BEGIN SUPPLIED RECORDS

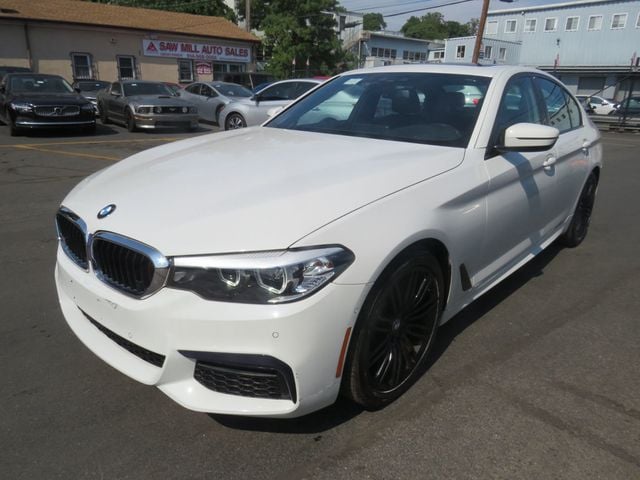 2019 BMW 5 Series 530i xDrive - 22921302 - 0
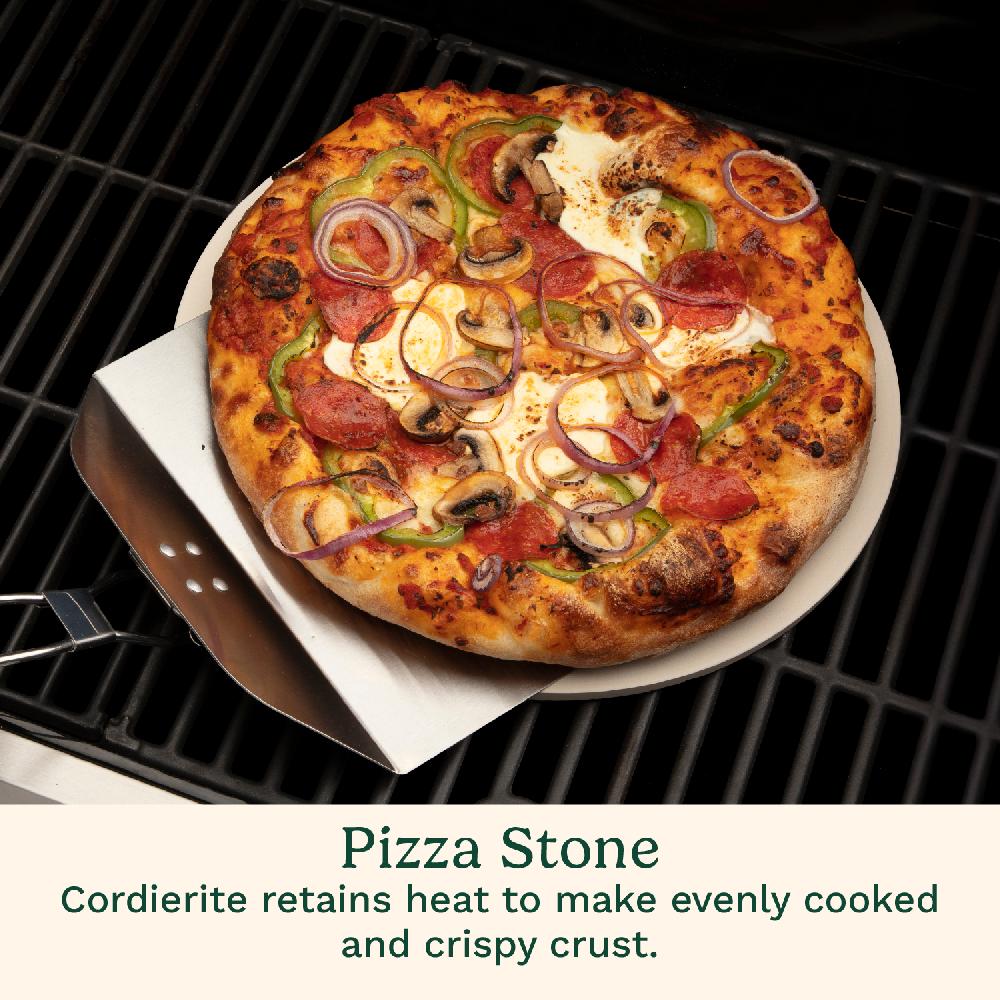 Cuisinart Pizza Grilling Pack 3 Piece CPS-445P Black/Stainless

END SUPPLIED RECORDS
BEGIN SUPPLIED RECORDS

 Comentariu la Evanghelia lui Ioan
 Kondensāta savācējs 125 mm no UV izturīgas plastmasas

END SUPPLIED RECORDS

WORK INSTRUCTION = Go to the line in the material above that contains "Comentariu la Evanghelia lui Ioan" and copy exactly from there through the line that contains "Kondensāta savācējs 125", stopping after it.

ANSWER TO THE PROBLEM =
 Comentariu la Evanghelia lui Ioan
 Kondensāta savācējs 125 mm no UV izturīgas plastmasas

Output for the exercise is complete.